We have a going concern opinion from our auditors, indicating the possibility
that we may not be able to continue to operate.
The
Company has incurred net losses of $35,994 for the period from May 21, 2007
(date of inception) through March 31, 2009. We anticipate generating losses for
the next 12 months. We do not anticipate generating revenues prior to the end of
fiscal year 2010. Therefore, we may be unable to continue operations
in the future as a going concern. No adjustment has been made in the
accompanying financial statements to the amounts and classification of assets
and liabilities which could result should we be unable to continue as a going
concern. In addition, our independent auditors included an explanatory paragraph
in their report on the accompanying financial statements regarding concerns
about our ability to continue as a going concern.
As a
result, we may not be able to obtain additional necessary
funding. There can be no assurance that we will ever achieve any
revenues or profitability. The revenue and income potential of our proposed
business and operations are unproven, and the lack of operating history makes it
difficult to evaluate the future prospects of our business. If we cannot
continue as a viable entity, our stockholders may lose some or all of their
investment in the Company.
2.
We are a development stage company and may never be able to execute our business
plan.
We were
incorporated on May 21, 2007 in the state of Nevada. We currently
have no products, sales, customers, or revenues. Although we have begun initial
planning for the development of our management tool, we may not be able to
execute our business plan unless and until we are successful in raising funds in
this offering. We anticipate that we will require an additional
$30,500 to commence actual development, and to remain operational during the
next twelve months. If the securities being offered under this
prospectus are not fully subscribed for or we do not generate any revenues
during our first year of operations, we may require additional financing, in
addition to the funds we hope to raise from the sale of shares offered under
this offering, in order to establish profitable operations. Such
financing, if required, may not be forthcoming. Even if additional
financing is available, it may not be available on terms we find
favorable. Failure to secure the needed additional financing will
have a very serious effect on our company's ability to survive. At this time,
there are no anticipated additional sources of funds in place.
3.
Our business plan may be unsuccessful.
The
success of our business plan is dependent on our developing our web based
software solution to facilitate time and task management and improve the
efficiency of our potential clients' business operations. Our ability to develop
this management tool is unproven, and the lack of operating history makes it
difficult to validate our business plan. As a web-based company,
sales and marketing
will be
driven through our web site and through a third party independent sales force.

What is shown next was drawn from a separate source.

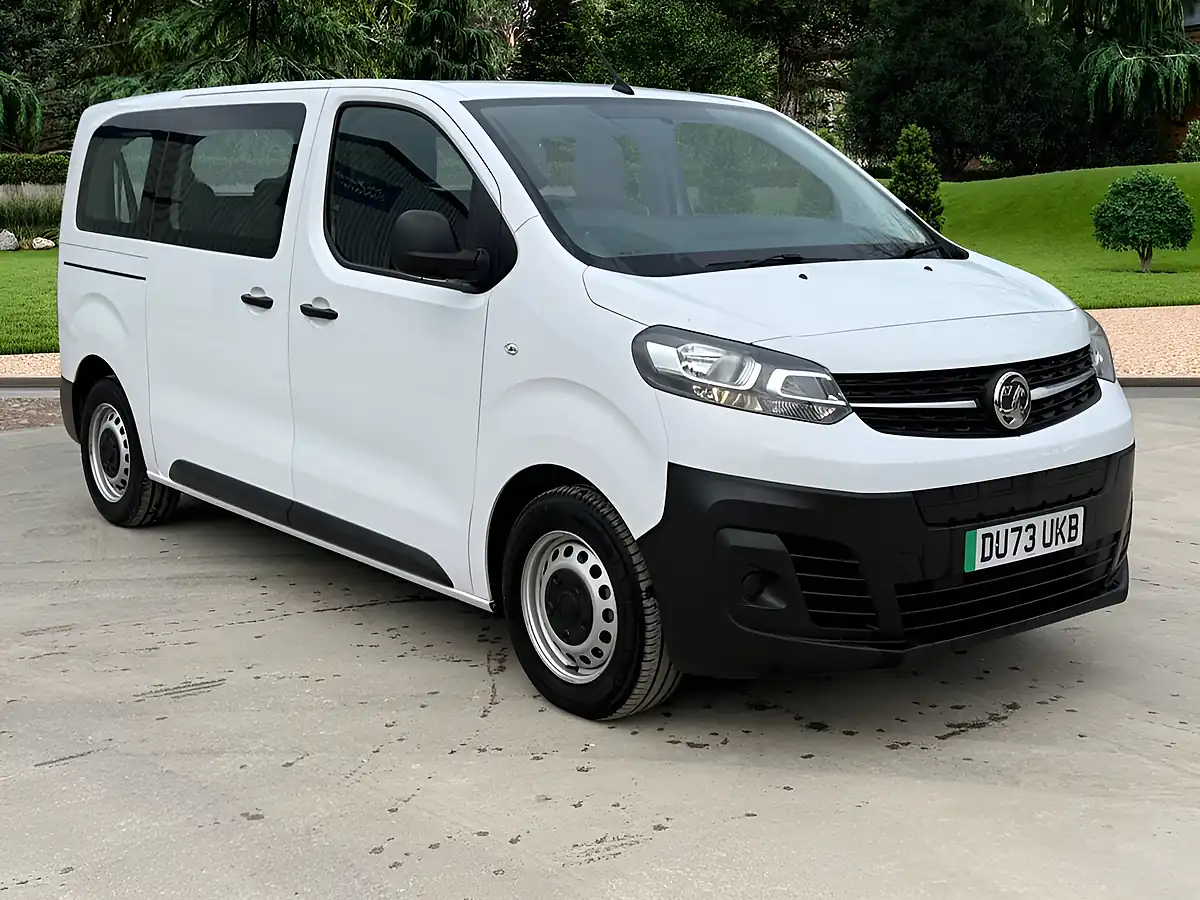 Used 2023 Vauxhall Vivaro Life Electric Combi White - Interior and Exterior details 19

In addition, the success of our business plan is dependent upon the market
acceptance of our management tool. Should this management tool be too
narrowly focused or should the target market not be as responsive as we
anticipate, we will not have in place alternate services or products that we can
offer to ensure our continuation as a going concern.
4.
We have no operating history and have maintained losses since inception, which
we expect will continue in the future.
Management
believes that the raising of a minimum of $30,500 pursuant to this offering will
be sufficient to commence and continue our planned activities for approximately
12 months after the offering. However, we expect to continue to incur
operating losses in future periods. These losses will occur because we do not
yet have any revenues to offset the expenses associated with the development of
our web based management tool and the marketing and sale of our management tool.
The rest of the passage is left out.